• [EXERCISE DESCRIPTION]:
Retype, exactly as they appear below, the lines between the line holding "In this video I" and the line holding "Examples of such", both ends included.

• [DATASET ENTRIES]:
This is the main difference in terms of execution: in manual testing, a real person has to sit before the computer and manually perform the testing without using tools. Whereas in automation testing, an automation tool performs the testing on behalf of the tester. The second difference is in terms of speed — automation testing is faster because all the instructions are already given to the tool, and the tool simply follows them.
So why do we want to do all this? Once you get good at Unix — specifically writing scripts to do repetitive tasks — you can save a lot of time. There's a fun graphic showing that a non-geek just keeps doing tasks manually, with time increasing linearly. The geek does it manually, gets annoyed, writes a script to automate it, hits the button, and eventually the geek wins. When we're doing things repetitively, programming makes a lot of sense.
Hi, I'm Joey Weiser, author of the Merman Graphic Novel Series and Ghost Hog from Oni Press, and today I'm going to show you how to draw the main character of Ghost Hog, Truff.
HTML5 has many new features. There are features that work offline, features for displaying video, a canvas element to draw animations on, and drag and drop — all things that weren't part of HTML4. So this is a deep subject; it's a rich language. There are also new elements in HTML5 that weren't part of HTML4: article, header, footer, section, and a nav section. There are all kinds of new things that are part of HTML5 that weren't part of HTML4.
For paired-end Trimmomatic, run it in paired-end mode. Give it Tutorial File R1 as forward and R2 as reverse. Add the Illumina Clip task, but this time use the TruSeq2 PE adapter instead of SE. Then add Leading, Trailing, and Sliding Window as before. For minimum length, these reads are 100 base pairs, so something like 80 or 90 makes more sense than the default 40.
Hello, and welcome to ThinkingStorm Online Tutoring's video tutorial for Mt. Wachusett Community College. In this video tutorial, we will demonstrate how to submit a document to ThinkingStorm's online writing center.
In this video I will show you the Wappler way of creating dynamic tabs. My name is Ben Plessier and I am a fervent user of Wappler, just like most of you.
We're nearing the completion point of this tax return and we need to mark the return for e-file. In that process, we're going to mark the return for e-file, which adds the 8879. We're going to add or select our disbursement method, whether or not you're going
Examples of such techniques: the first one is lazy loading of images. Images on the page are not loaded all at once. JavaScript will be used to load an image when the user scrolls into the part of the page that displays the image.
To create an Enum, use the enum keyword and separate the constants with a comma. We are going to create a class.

• [EXERCISE ANSWER]:
In this video I will show you the Wappler way of creating dynamic tabs. My name is Ben Plessier and I am a fervent user of Wappler, just like most of you.
We're nearing the completion point of this tax return and we need to mark the return for e-file. In that process, we're going to mark the return for e-file, which adds the 8879. We're going to add or select our disbursement method, whether or not you're going
Examples of such techniques: the first one is lazy loading of images. Images on the page are not loaded all at once. JavaScript will be used to load an image when the user scrolls into the part of the page that displays the image.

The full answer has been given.